An exact transcription of every record below is required, with the pictures left out.

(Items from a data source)

_ _ _

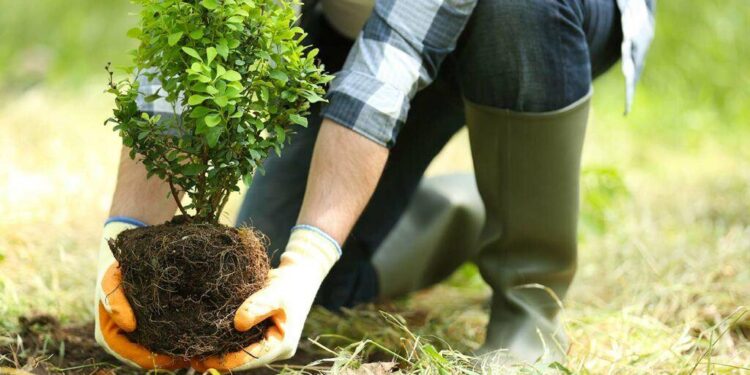 Growing Bonds: How Tree-Planting Strengthens US-Bermuda Friendship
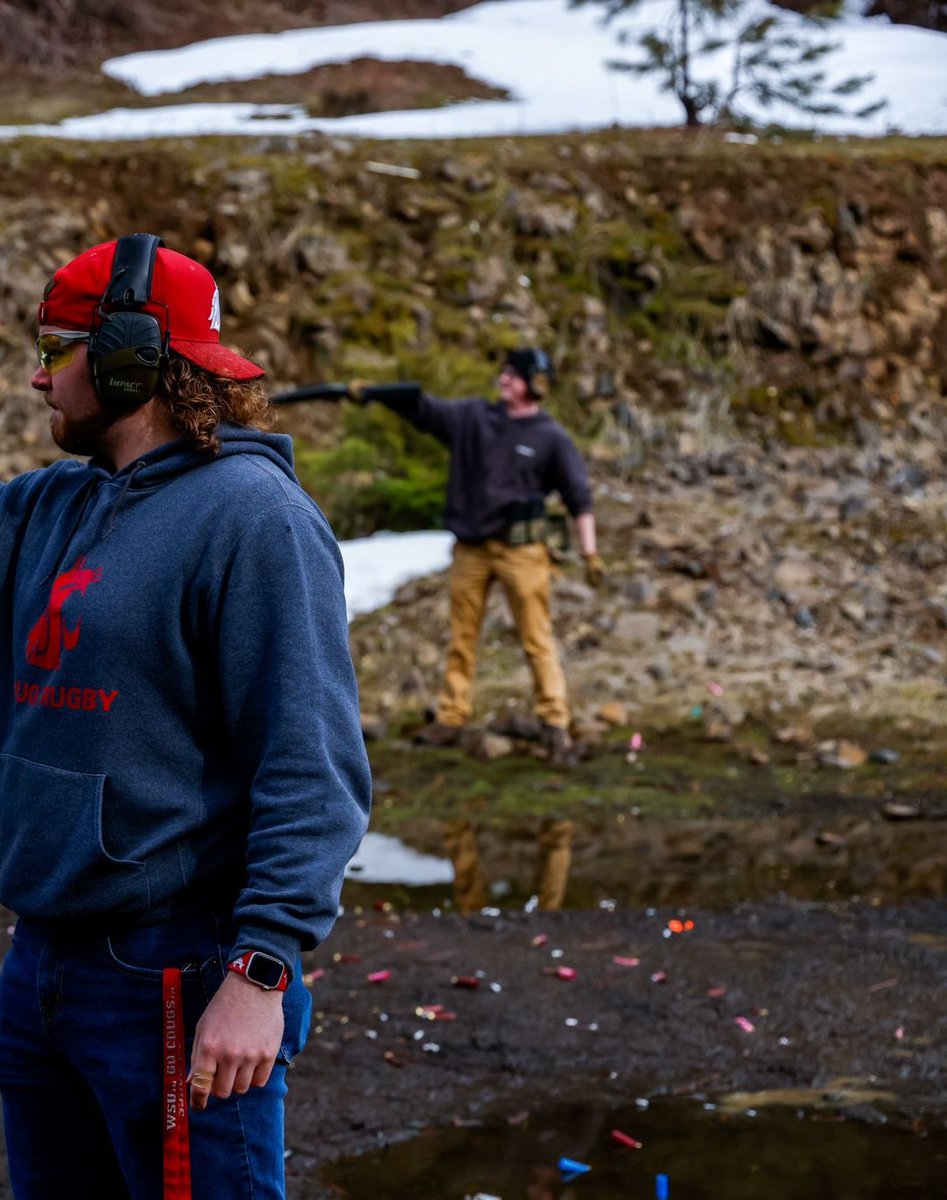 celltsar tweet media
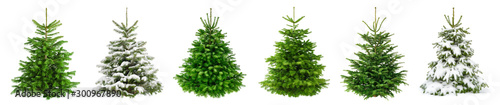 Set of 6 studio shots of fresh gorgeous fir trees in lush green for Christmas, without ornaments, isolated on pure white 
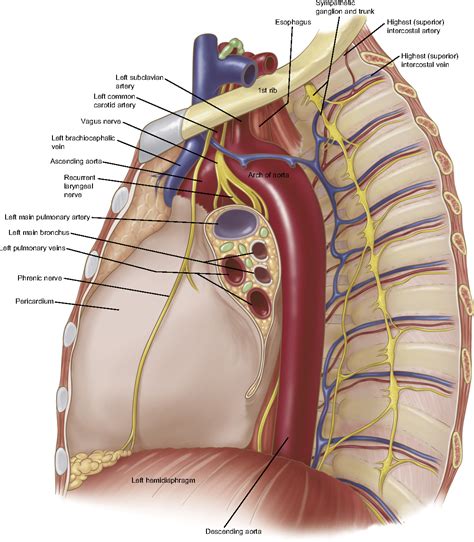 Figure 4 from Anatomy of the thoracic aorta and of its branches ...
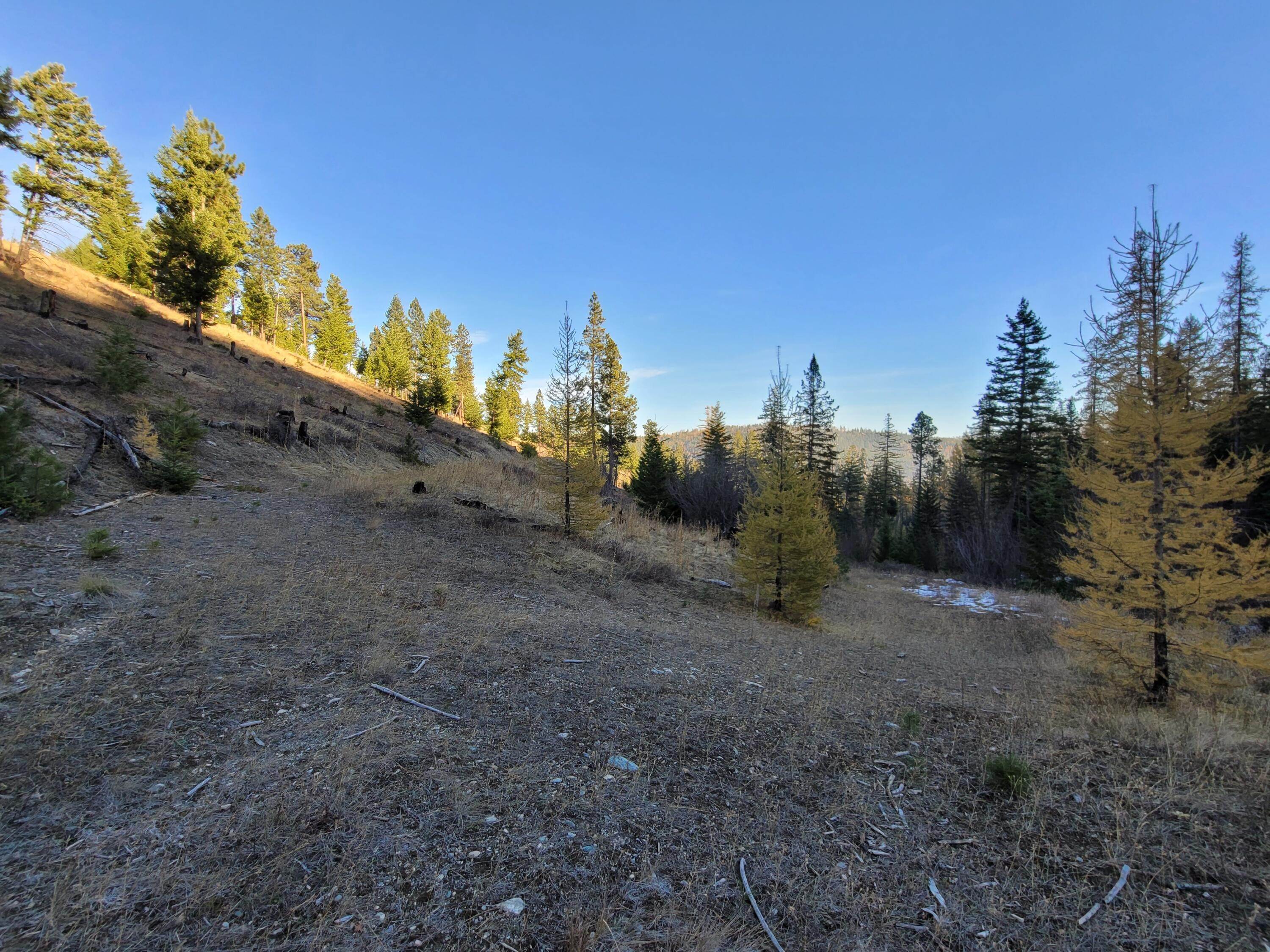 20. Land for Sale at Tract #3 Patrick Creek Road, Kalispell, Montana 59901 United States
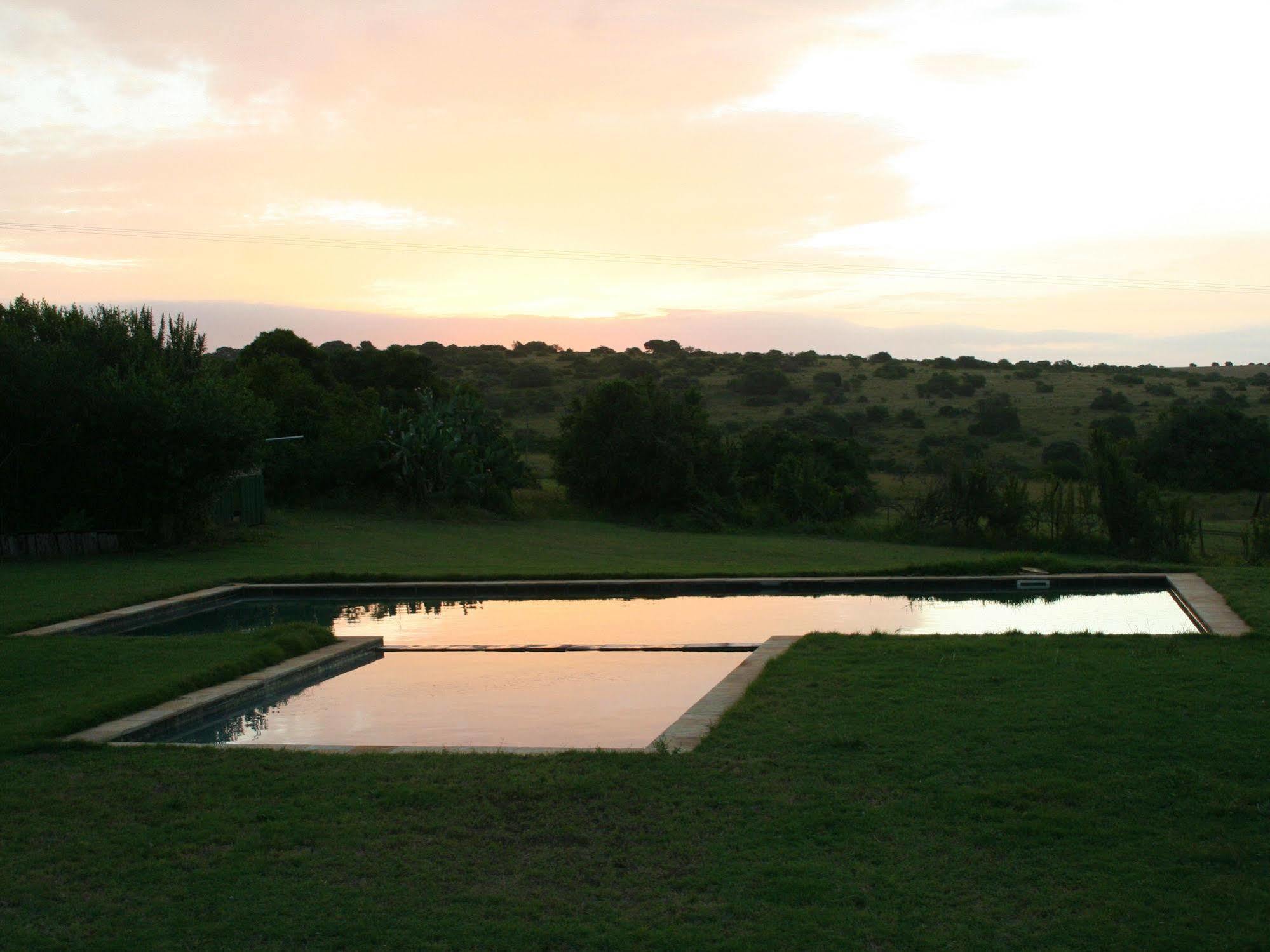 Leeuwenbosch Country House - Amakhala Vadrezervátum Kültér fotó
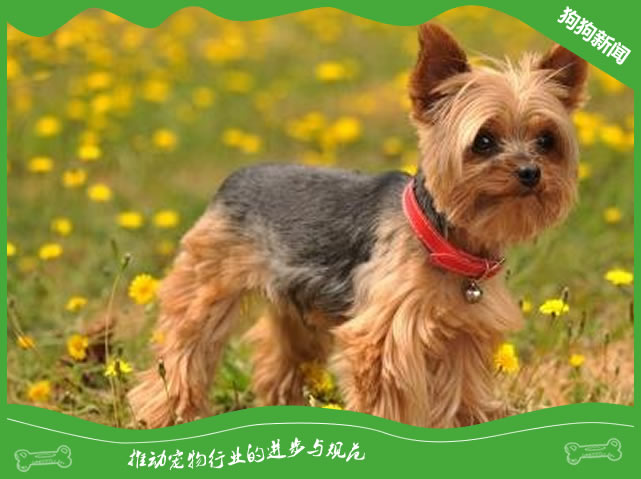 冠状病毒是不是犬瘟?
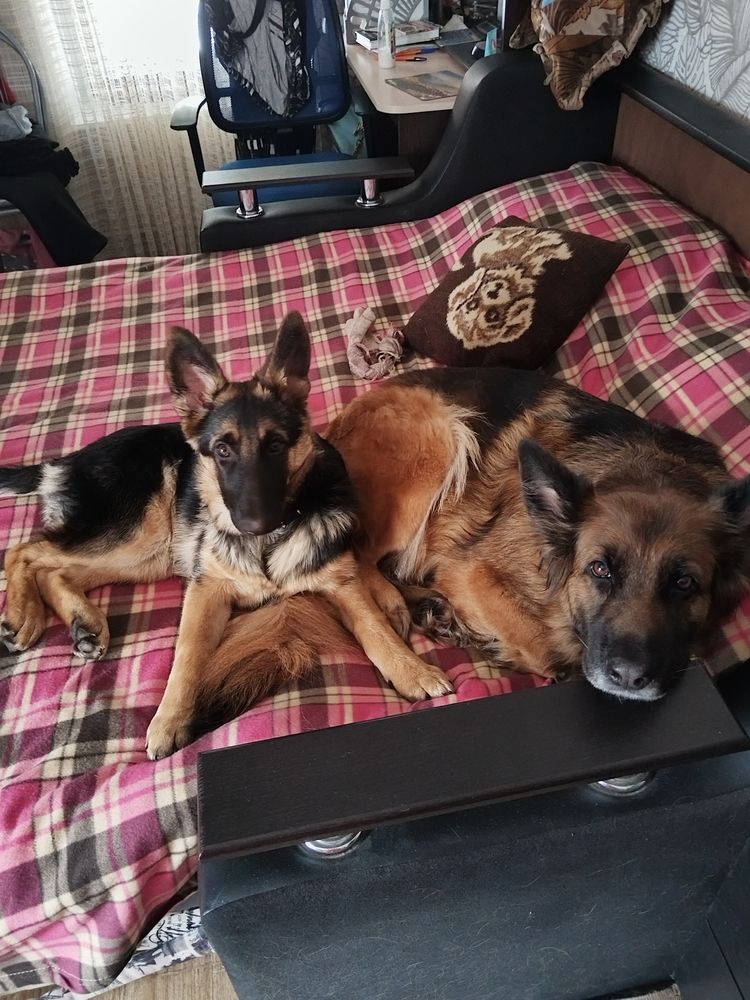 Photo #13451174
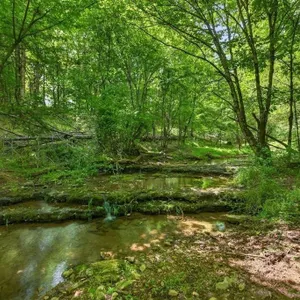 Tract #3 7.30 Acres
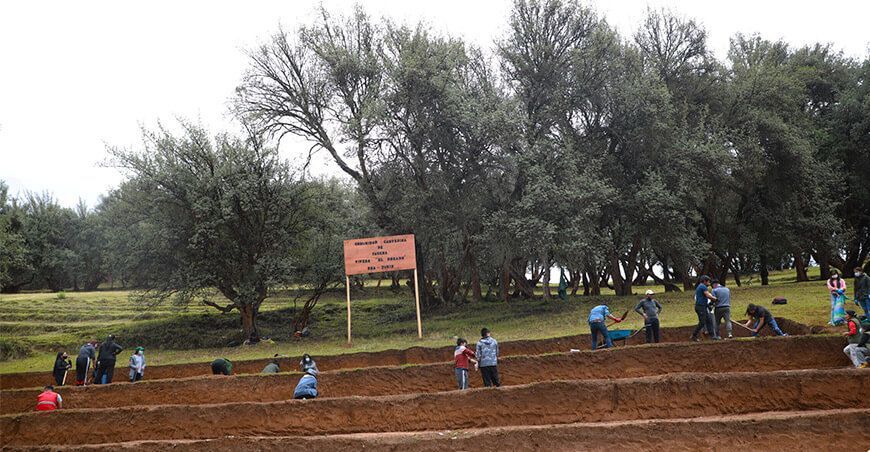 Junín: construyen vivero forestal en la comunidad de Paccha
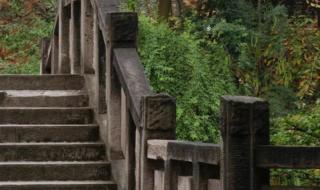 四川国际标榜学院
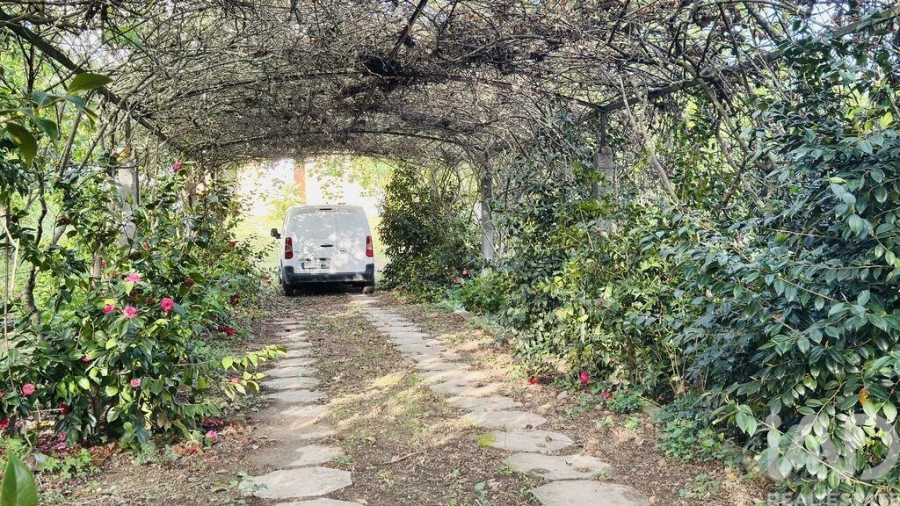 Moradia T6 para Venda em Carvalhais e Candal Foto 33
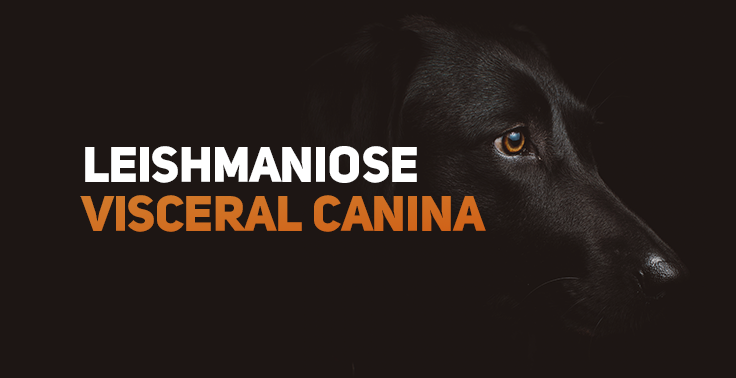 Imagem com fundo escuro contendo o texto Leishmaniose Visceral Canina em letras maiúsculas no lado esquerdo, sendo Leishmaniose na cor branca e Visceral Canina em tom alaranjado. No lado direito, em destaque contra o fundo escuro, aparece de perfil a cabeça de um cachorro preto com olhos âmbar olhando para o lado.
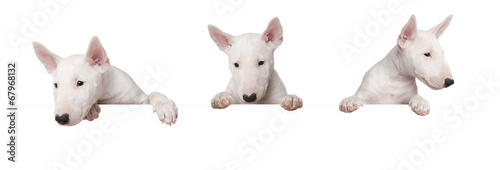 Leinwand Poster Süße Hunde Welpen isoliert auf weissem Hintergrund
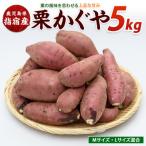 さつまいも 栗かぐや 約5kg
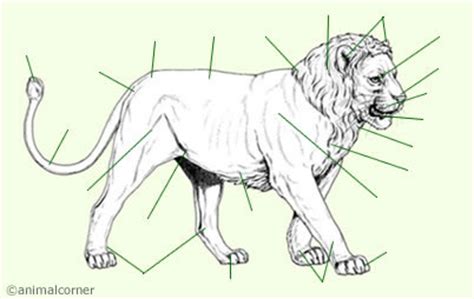 The spine provides support to hold the head and body up straight. Lion Anatomy - Big Cat Lion & Lioness Anatomy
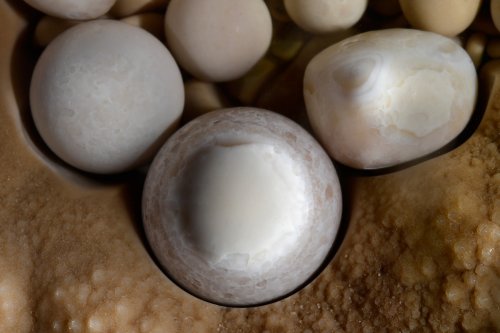 Aven de Rose (Hérault) - Détail d'une perle des cavernes en forme de toupie(SP-18-2422)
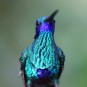 fotografii pasari-colibri-in-jungla-amazoniana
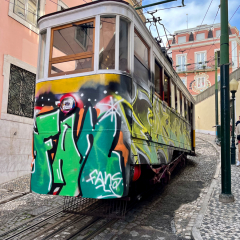 Lisbon-Tram_249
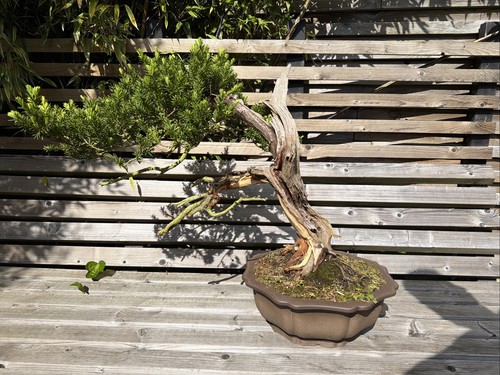 Taxus cuspidata bonsai - taxus,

_ _ _

Exercise output:
 Growing Bonds: How Tree-Planting Strengthens US-Bermuda Friendship
 celltsar tweet media
 Set of 6 studio shots of fresh gorgeous fir trees in lush green for Christmas, without ornaments, isolated on pure white 
 Figure 4 from Anatomy of the thoracic aorta and of its branches ...
 20. Land for Sale at Tract #3 Patrick Creek Road, Kalispell, Montana 59901 United States
 Leeuwenbosch Country House - Amakhala Vadrezervátum Kültér fotó
 冠状病毒是不是犬瘟?
 Photo #13451174
 Tract #3 7.30 Acres
 Junín: construyen vivero forestal en la comunidad de Paccha
 四川国际标榜学院
 Moradia T6 para Venda em Carvalhais e Candal Foto 33
 Imagem com fundo escuro contendo o texto Leishmaniose Visceral Canina em letras maiúsculas no lado esquerdo, sendo Leishmaniose na cor branca e Visceral Canina em tom alaranjado. No lado direito, em destaque contra o fundo escuro, aparece de perfil a cabeça de um cachorro preto com olhos âmbar olhando para o lado.
 Leinwand Poster Süße Hunde Welpen isoliert auf weissem Hintergrund
 さつまいも 栗かぐや 約5kg
 The spine provides support to hold the head and body up straight. Lion Anatomy - Big Cat Lion & Lioness Anatomy
 Aven de Rose (Hérault) - Détail d'une perle des cavernes en forme de toupie(SP-18-2422)
 fotografii pasari-colibri-in-jungla-amazoniana
 Lisbon-Tram_249
 Taxus cuspidata bonsai - taxus,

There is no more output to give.